Car avant ce moment fatidique de 10h 20, il n'aura pas fait l'économie de ses efforts en vue de calmer la foule de paysans accouru de tous les recoins du pays suite à l'appel de son Ong à manifester sur le détournement de deux milliards du projet maïs "par des Gics fantômes". Une foule au milieu de laquelle on pouvait reconnaître les membres de l'Association de défense des intérêts des étudiants du Cameroun (Addec) venu offrir leur solidarité à cette revendication finalement citoyenne.

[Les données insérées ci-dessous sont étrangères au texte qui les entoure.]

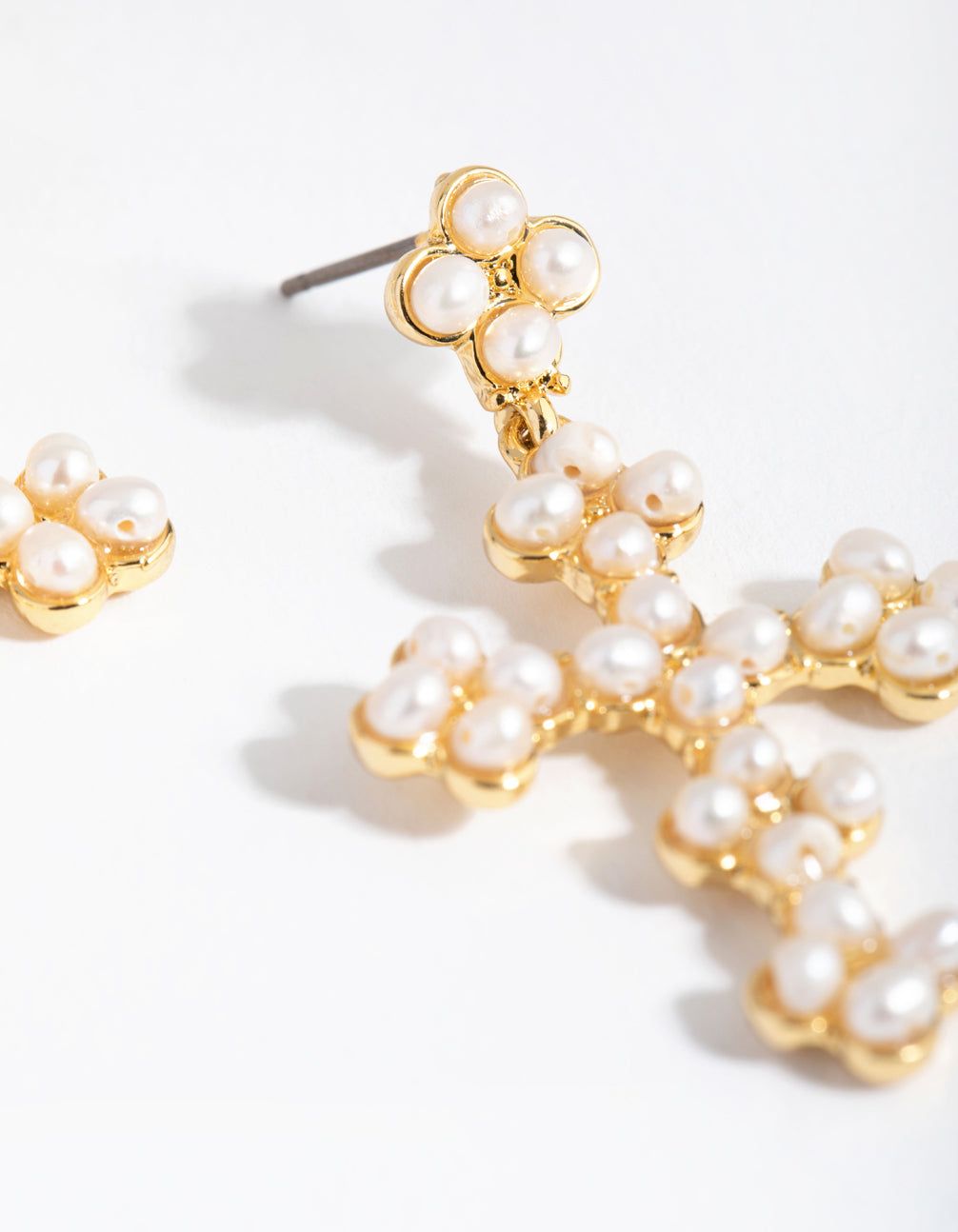 18ct Gold Plated Freshwater Pearl Cross Earrings sold by lovisa product image thumbnail 2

Dès les premières heures de cette journée où l'on célébrait partout sur l'étendue de la planète le 60è anniversaire de la déclaration universelle des droits de l'homme, de nombreux leaders paysans avaient pris d'assaut les alentours de la bâtisse de l'Acdic sis en face du Lion's club à la "Rue Ceper" au quartier Elig-Essono à Yaoundé. Dans la foule, les esprits étaient calmes même si d'aucuns s'impatientaient de voir enfin "les choses commencer à l'heure prévue", c'est-à-dire 7h30. L'un d'eux lâchait même à notre micro "je suis venu de l'Ouest pour apporter ma contribution à cette lutte. Nous manifestons pour sauver notre agriculture, marquer notre ras-le-bol à propos des détournements des financements accordés aux Gics fictifs, demander que ces financements aillent là où ils devraient aller, aviser les fonctionnaires véreux de leur responsabilité…"

Un confrère blanc
De contribution, il était question pour ces leaders de se joindre à l'Acdic afin de porter le message de cette dernière qui était un "appel à la manifestation citoyenne contre les détournements et la corruption au Minader (Ministère de l'Agriculture et du développement rural Ndlr) et contre la crise du maïs". Une crise qui puise sa source dans le fait que "depuis 2006, on n'autorise plus les importations de découpe de poulets congelés au Cameroun. Et les producteurs, grands comme petits, qui avaient abandonné leurs fermes ont repris le chemin des poulaillers (…) Mieux encore, les pouvoirs publics ont accordé deux fois des subventions aux éleveurs : 1,2 milliards et 41 millions de Fcfa pour les soutenir et les encourager à satisfaire la demande sur les marchés en qualité et en quantité, surtout pendant les fêtes de fin d'année".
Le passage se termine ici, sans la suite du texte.